Who We Are
1 A person who protects someone or something, esp. when attacked or criticised. 2 To maintain by argument, evidence, law. 3 Uphold. 4 To serve as attorney for (a defendant).
1 Those incarcerated without legal representation. 2 Groups at disproportionate risk of conflict with criminal law by the nature of their status, race, or profession.
We're a charitable movement, working towards a posture of radical inclusion to ensure the defenceless become the defenders. Our model intentionally includes those who would consider themselves – or may be considered by others – to be marginalised or in conflict with the law. Some defenders were previously attackers. This means training individuals in unlikely places. Justice defenders live in prisons and palaces; they come from death row and Davos. And if these defenders can be unleashed within the justice system, they can serve the community and strengthen the system, helping ensure a fair hearing for all.
What We Do
Training paralegals and lawyers within defenceless communities to provide legal services for themselves and others.
Those who need justice most are least likely to gain access to it. And those with lived experience within the justice system are least likely to be heard.

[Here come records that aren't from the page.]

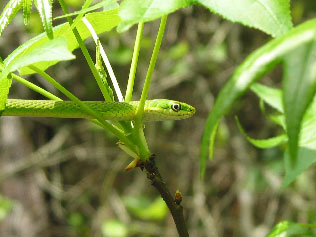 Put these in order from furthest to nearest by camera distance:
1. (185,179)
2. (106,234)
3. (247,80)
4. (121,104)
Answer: (185,179)
(106,234)
(121,104)
(247,80)

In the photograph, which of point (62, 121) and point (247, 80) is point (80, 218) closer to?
point (62, 121)

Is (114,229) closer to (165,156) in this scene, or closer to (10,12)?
(165,156)

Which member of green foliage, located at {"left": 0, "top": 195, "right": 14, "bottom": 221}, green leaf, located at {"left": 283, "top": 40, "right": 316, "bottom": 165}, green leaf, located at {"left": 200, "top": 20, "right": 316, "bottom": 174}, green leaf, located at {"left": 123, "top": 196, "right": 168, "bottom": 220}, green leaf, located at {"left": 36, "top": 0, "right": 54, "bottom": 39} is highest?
green leaf, located at {"left": 36, "top": 0, "right": 54, "bottom": 39}

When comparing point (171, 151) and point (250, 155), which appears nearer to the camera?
point (250, 155)

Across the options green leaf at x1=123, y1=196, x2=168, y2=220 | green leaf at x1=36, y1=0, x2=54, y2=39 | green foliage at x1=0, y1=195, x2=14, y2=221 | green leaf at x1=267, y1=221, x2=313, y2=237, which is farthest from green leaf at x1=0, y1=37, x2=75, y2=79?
green foliage at x1=0, y1=195, x2=14, y2=221

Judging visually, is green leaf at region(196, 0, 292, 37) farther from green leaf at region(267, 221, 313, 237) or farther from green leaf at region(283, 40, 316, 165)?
green leaf at region(267, 221, 313, 237)

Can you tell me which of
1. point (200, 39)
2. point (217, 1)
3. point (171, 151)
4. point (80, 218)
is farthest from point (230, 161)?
point (217, 1) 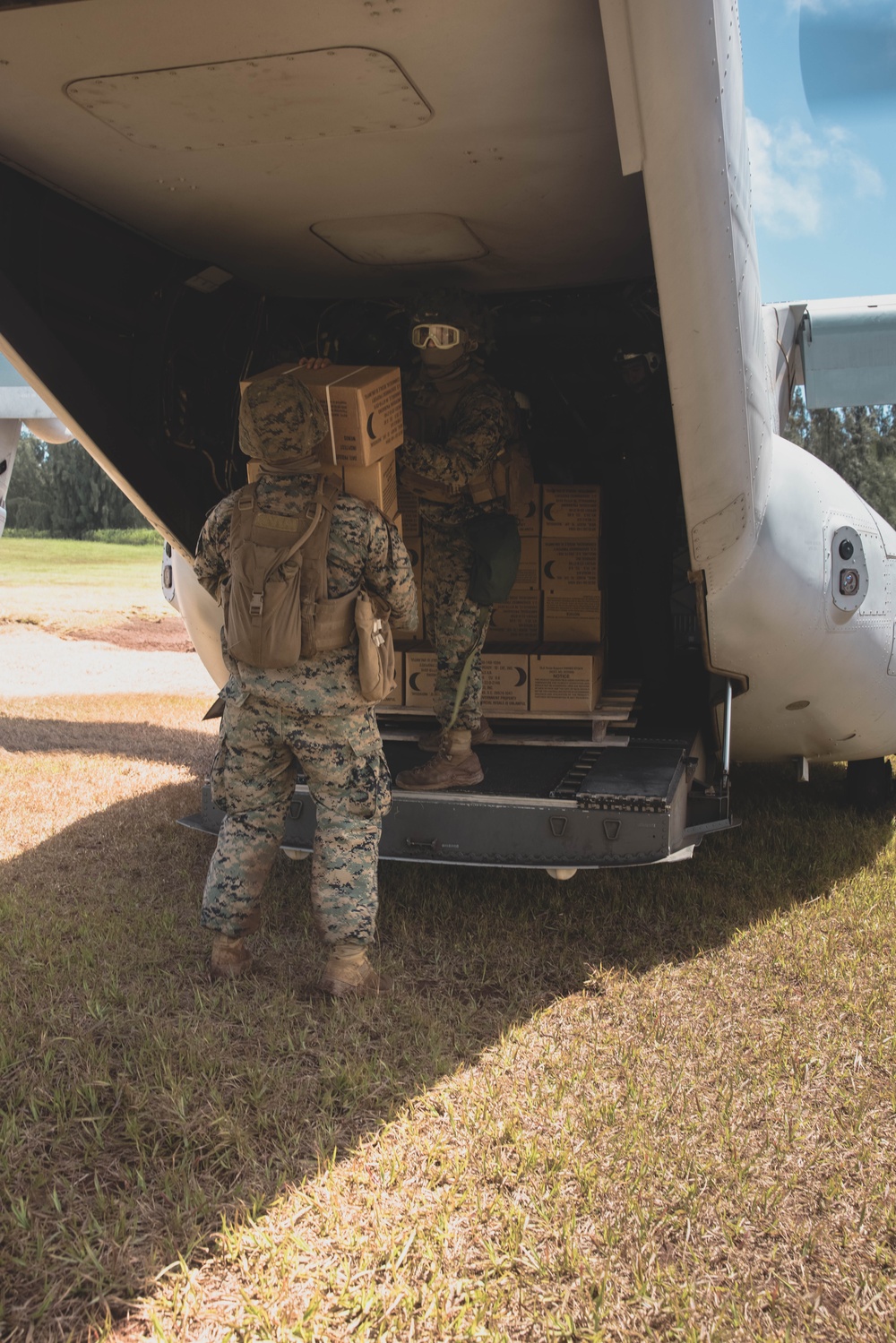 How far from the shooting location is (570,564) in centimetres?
522

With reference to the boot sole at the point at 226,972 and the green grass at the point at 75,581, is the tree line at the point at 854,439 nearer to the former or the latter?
the green grass at the point at 75,581

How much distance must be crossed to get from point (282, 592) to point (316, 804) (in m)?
0.70

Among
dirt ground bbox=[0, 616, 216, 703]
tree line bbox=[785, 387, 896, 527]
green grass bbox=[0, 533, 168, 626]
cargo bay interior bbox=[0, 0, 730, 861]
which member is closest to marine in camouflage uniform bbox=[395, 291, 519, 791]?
cargo bay interior bbox=[0, 0, 730, 861]

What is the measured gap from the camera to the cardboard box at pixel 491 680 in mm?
5000

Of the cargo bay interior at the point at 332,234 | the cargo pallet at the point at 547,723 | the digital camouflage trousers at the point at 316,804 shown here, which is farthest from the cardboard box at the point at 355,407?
the cargo pallet at the point at 547,723

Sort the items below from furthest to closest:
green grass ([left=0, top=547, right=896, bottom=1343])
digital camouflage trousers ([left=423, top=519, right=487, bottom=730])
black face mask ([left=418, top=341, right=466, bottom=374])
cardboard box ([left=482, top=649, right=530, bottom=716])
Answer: cardboard box ([left=482, top=649, right=530, bottom=716]) < digital camouflage trousers ([left=423, top=519, right=487, bottom=730]) < black face mask ([left=418, top=341, right=466, bottom=374]) < green grass ([left=0, top=547, right=896, bottom=1343])

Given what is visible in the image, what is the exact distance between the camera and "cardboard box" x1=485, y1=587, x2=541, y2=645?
17.3ft

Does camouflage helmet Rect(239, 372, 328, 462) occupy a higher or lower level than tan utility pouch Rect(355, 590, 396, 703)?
higher

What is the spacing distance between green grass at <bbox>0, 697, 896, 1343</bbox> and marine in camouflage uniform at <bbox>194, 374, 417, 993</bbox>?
0.90 ft

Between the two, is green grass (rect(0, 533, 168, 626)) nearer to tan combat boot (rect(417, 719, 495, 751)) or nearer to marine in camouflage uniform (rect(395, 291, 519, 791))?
tan combat boot (rect(417, 719, 495, 751))

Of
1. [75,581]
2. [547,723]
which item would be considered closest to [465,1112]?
[547,723]

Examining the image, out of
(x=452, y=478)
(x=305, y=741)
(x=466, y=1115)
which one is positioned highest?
(x=452, y=478)

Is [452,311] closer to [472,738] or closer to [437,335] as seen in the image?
[437,335]

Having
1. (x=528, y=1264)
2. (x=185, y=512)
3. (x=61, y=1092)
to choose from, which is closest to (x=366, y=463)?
(x=185, y=512)
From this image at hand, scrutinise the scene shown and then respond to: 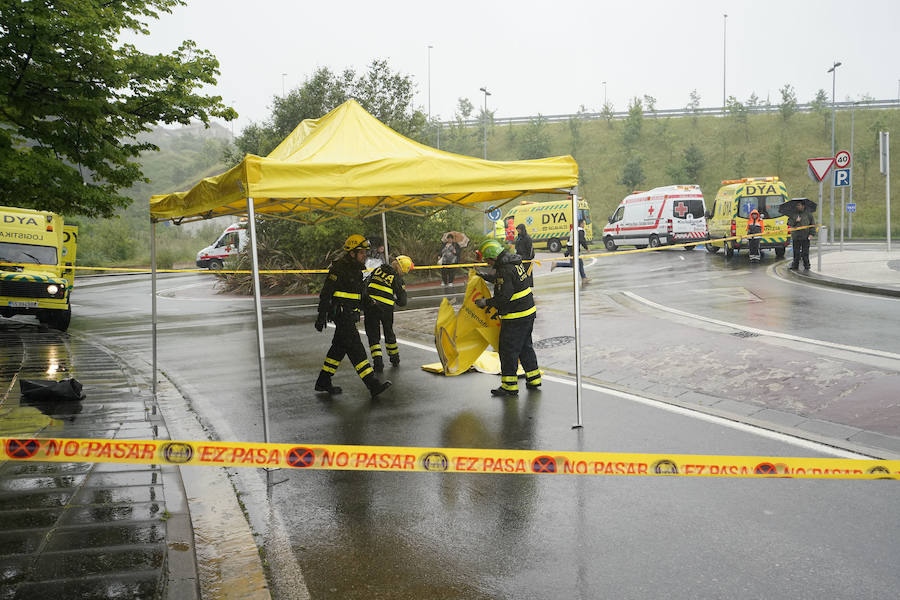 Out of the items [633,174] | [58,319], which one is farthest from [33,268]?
[633,174]

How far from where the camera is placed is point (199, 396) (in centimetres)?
857

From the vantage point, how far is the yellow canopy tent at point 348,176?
5918 millimetres

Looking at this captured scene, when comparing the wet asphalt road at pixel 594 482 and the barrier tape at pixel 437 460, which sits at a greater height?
the barrier tape at pixel 437 460

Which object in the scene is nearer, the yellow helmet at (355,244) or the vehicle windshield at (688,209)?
the yellow helmet at (355,244)

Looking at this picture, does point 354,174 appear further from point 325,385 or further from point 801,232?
point 801,232

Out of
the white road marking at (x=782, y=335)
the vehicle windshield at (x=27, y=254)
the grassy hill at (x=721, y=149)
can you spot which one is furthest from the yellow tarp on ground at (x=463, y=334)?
the grassy hill at (x=721, y=149)

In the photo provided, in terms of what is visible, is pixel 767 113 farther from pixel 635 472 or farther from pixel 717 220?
pixel 635 472

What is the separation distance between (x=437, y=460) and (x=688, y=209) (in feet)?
94.4

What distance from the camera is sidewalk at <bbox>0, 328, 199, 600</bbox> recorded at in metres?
3.70

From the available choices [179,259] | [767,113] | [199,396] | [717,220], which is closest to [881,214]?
[767,113]

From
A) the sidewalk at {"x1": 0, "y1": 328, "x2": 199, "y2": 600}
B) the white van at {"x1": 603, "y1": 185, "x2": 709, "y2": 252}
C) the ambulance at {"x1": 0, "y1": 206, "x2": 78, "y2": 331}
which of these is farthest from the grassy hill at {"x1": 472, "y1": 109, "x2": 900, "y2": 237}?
the sidewalk at {"x1": 0, "y1": 328, "x2": 199, "y2": 600}

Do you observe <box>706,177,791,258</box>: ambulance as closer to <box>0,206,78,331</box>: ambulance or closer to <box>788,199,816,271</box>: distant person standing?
<box>788,199,816,271</box>: distant person standing

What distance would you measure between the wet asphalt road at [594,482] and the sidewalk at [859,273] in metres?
2.08

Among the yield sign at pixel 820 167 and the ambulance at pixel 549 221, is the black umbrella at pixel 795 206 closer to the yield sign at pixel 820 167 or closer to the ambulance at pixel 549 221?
the yield sign at pixel 820 167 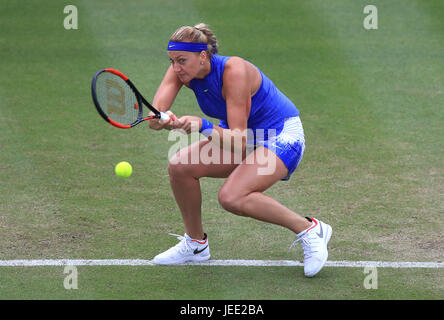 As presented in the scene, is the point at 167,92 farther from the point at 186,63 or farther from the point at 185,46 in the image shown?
the point at 185,46

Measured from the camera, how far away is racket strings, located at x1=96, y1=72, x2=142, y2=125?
16.6 feet

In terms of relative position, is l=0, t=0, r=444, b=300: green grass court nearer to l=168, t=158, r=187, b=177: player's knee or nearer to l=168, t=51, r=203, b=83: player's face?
l=168, t=158, r=187, b=177: player's knee

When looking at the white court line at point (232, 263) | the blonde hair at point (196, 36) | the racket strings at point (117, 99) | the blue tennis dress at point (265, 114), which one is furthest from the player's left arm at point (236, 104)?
the white court line at point (232, 263)

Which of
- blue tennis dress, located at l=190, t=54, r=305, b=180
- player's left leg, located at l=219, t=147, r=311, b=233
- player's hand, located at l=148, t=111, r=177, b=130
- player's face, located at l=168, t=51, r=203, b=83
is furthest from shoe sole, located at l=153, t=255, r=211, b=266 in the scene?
player's face, located at l=168, t=51, r=203, b=83

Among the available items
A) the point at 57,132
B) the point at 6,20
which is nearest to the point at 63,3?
the point at 6,20

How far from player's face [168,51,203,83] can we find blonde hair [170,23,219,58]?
95 mm

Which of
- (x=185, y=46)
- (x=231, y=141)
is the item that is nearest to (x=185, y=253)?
(x=231, y=141)

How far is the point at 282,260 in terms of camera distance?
5672mm

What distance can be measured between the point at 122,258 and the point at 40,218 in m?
1.15

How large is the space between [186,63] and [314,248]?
1.66 metres

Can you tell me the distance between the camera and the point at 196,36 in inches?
207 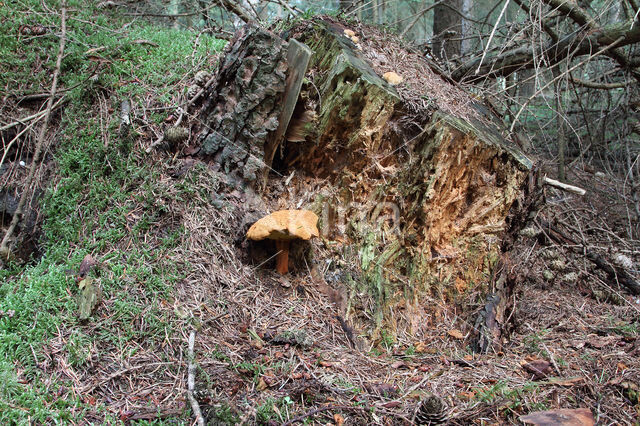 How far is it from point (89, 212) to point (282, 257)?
1.50 meters

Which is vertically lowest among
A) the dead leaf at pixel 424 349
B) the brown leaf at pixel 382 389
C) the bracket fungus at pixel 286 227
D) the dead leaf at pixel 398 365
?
the dead leaf at pixel 424 349

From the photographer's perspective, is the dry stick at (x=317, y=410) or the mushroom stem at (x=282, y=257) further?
the mushroom stem at (x=282, y=257)

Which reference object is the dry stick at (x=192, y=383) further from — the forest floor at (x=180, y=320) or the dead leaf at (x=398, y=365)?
the dead leaf at (x=398, y=365)

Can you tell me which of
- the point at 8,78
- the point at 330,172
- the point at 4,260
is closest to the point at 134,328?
the point at 4,260

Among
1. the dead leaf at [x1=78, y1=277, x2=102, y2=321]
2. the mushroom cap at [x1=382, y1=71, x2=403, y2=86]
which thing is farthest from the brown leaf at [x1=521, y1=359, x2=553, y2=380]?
the dead leaf at [x1=78, y1=277, x2=102, y2=321]

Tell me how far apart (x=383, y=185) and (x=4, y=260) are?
297 cm

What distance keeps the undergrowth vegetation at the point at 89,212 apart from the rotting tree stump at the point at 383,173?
72 centimetres

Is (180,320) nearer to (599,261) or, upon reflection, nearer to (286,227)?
(286,227)

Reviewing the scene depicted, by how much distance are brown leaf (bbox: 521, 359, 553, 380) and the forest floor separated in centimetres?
1

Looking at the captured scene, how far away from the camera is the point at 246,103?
10.4 feet

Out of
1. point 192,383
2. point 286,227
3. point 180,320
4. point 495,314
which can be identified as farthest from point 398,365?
point 180,320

We need justice defenders to bridge the justice gap. People who can see the defenceless, identify with their conflict, and ensure the equal application of the law. And real change can happen when defenders come from within our communities.
Why do we train prisoners and prison officers rather than simply working to give more people access to lawyers? Because of Saint Oscar Romero’s words:
“There are many things that can only be seen through eyes that have cried.”
By equipping justice defenders to facilitate a just legal process – through legal education, training, and practice – we help ensure a fair hearing at the point of greatest need. As everyone deserves the right to tell their story.
Inherent potential, gifts, and talents were once locked up. But with funding support from donors, the chains have been removed.
Partnering with world-class academic institutions, such as the University of London, to tutor and facilitate law degrees for prison communities.
Equipping prisoners and prison staff to become auxiliary paralegals. And offering prison officials secondment opportunities in the UK.